Some of you are no doubt watching the wonderful Civil Rights Documentary Eyes on the Prize which is airing this week on PBS.  I’ve watched it a number of times and have used segments in the classroom, but every time I view it I am transfixed by the images and especially the interviews.  Last night included segments on the Lunch Counter sit-ins and Freedom Rides [I highly recommend Ray Arsenault’s new study of the Freedom Rides which was released last year by Oxford Press.]  New Kid on the Hallway offers a nice summation of my own thinking when it comes to understanding the Southern white perspective:

Total non sequitur, naive white liberal guilt variety: I’m watching Eyes on the Prize, and it just kills me to watch a bunch of smug white people – which, in general, is a group to which I belong – cheerfully defending their resistance to civil rights as if such resistance is absolutely natural and right. The scary thing is that to them, it was. They’re so cheery about it because they’re so secure in this belief that they can’t even take the contrary seriously. It always scares me to think, if I had grown up in the south during the period of Jim Crow – would I have supported segregation? I mean, if I’d been taught from childhood that it was “right” and “natural” that people of different races should live separately, how much would it have taken to convince me otherwise? Because there were plenty of evil, evil people who supported segregation. But I’m sure there were plenty of ordinary, reasonably good people who did, too, just because it was the way it had always been, and they probably thought that if that was the case, there must have been a reason for it.

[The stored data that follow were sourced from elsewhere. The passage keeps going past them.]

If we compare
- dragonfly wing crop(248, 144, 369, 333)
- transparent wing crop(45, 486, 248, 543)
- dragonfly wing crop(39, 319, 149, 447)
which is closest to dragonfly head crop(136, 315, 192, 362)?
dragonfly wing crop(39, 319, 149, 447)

And you know, none of this happened very long ago.

When I watch those interviews I almost want to reach into the television and shake those people into my world or what I assume is some semblance of rationality and understanding.  The challenge, of course, is to appreciate that white Southerners (“ordinary, reasonably good people”) were working through new and difficult experiences based on their own racial assumptions and a Jim Crow legal system that was taken for granted.  In short, what they considered reasonable or rational.  New Kid highlights what for me is the moral backdrop of my own interest in reading and researching the past, and that is the role of luck.  We need to be reminded that much of what goes into our “selves” or personalities involves a set of conditions that we have no control over, including when, where, and to whom we are born.  History provides an arena for thinking about moral case studies that are not so removed from what we consider possible behavior once the role of luck is acknowledged.  [Psychology also provides examples, most notably Milgram’s famous experiments on obedience to authority.]  Would I have supported segregation if a few conditions had been changed?  The answer is more than likely YES.  And that is why it must be understood.  Thinking about history in this way brings me closer to people that for moral reasons I am tempted to push away psychologically.  To run the risk of sounding philosophically vague, and borrowing a phrase from one of my undergraduate professors, the realization is that I AM THAT PERSON.